The train I take to and from work goes through Newark, New Jersey, and at one point, there is a pretty interesting view where in the foreground, spray painted against an old industrial warehouse is a crazy patchwork of graffiti. Much of it complicated graphics and murals, the work of artists who have clearly put a lot of time and effort into their illegal trade. In the background, however, stand both the Prudential headquarters and the Prudential Center, a sports and entertainment complex with a massive LED screen that makes it feel, if only for a moment, that when you are looking out the window, you have tuned into a passing television channel.

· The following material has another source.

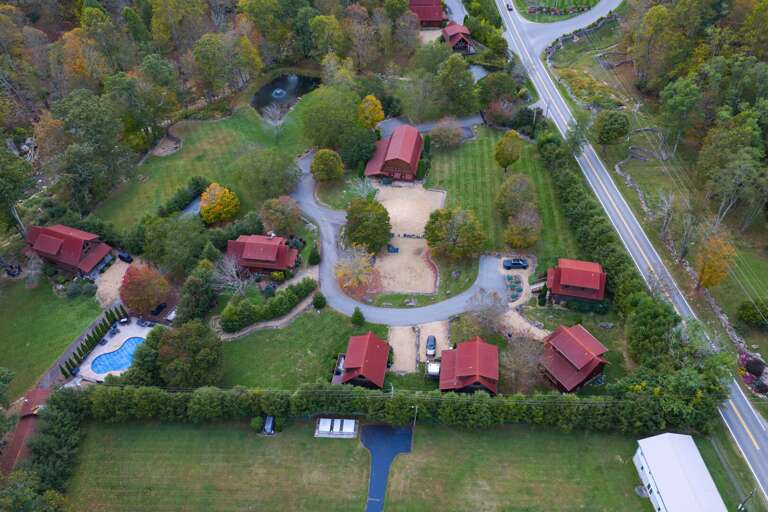 Aerial View Of Red-roofed Buildings Nestled Among Autumn-colored Trees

Once you take notice of graffiti, it becomes impossible to ignore, and all the way from Hoboken down to the Jersey Shore, you see the same handles of graffiti artists on every bridge, span and overpass. Echoe. Falser. Tacoe. After a while, you begin to realize that these people are putting themselves at serious risk of getting plastered by a passing train, all for the sake of painting up something that could land them in jail. Why?
A documentary called Infamous profiled a half-dozen graffiti artists to see why they do what they do. After all, spraying graffiti of any kind is dangerous business. The cops don’t like you. Gangs like you even less. Breathing all those paint fumes is not good for you, nor is the constant crouching and working on tall precipices. And yet, there is this weird compulsion to do it anyway.
The movie draws no conclusions, but it seemed clear that these graffiti artists needed to create a legacy, even if only a criminal one, to convince themselves that they were not a waste of space.